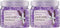 SMELLS BEGONE Odor Eliminator Gel Beads - 12 oz, Pack of 2 - Eliminates Odor in Bathrooms, Cars, Boats, RVs & Pet Areas - Air Freshener - Made wit...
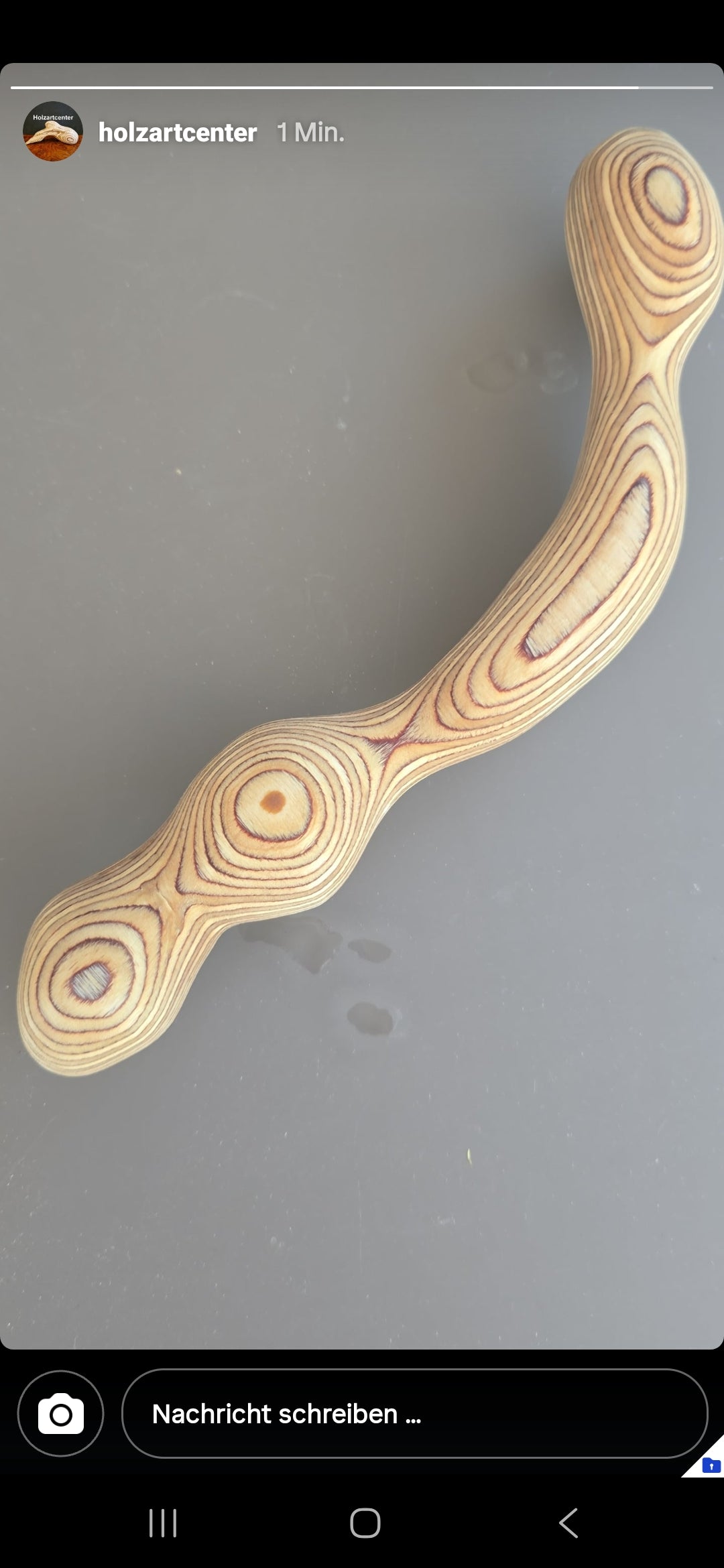 der gebogene Accord  Einzelstück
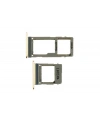 Samsung Uyumlu Galaxy A8 Plus 2018 A730 Sim Kart Tepsisi Gold Çift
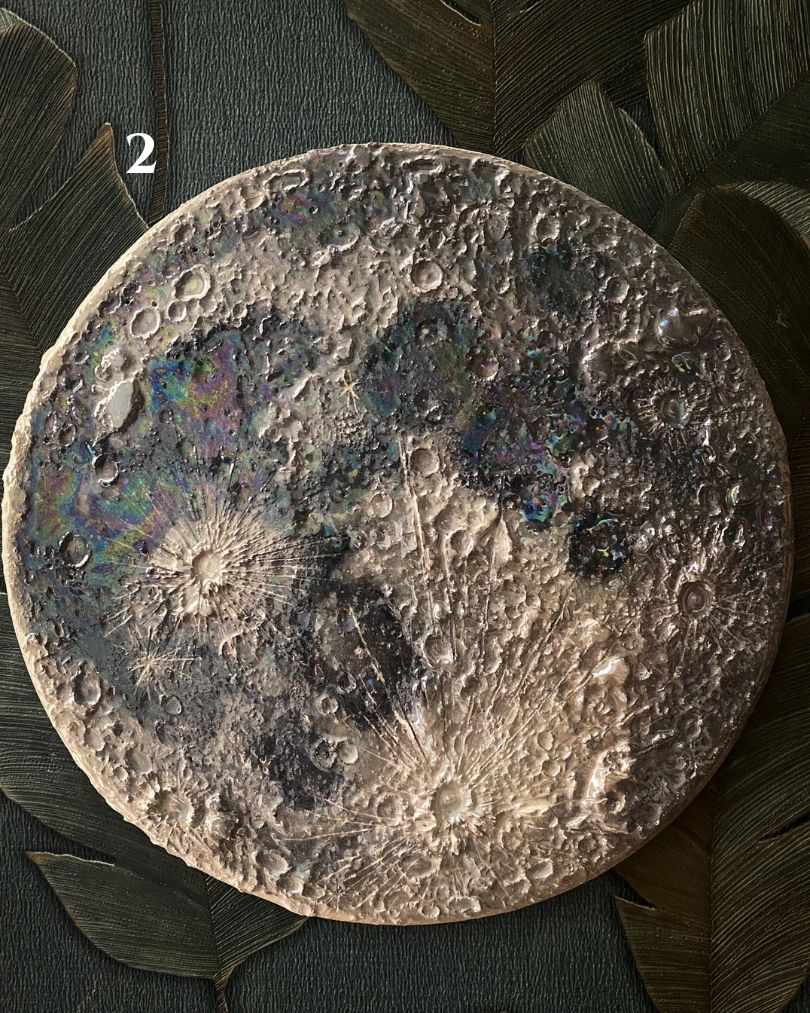 Gibbus Moon Glow | Luna Gibbosa in Ceramica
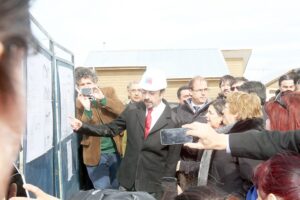 Bachelet: obras de hospital de Porvenir  partirán “a más tardar en abril” de este año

■ Work instruction ■
With the pictures left out, write out exactly the lines from the line containing "Samsung Uyumlu Galaxy" through the last line of the entries above, both ends included, and no others.

■ Your response ■
 Samsung Uyumlu Galaxy A8 Plus 2018 A730 Sim Kart Tepsisi Gold Çift
 Gibbus Moon Glow | Luna Gibbosa in Ceramica
 Bachelet: obras de hospital de Porvenir  partirán “a más tardar en abril” de este año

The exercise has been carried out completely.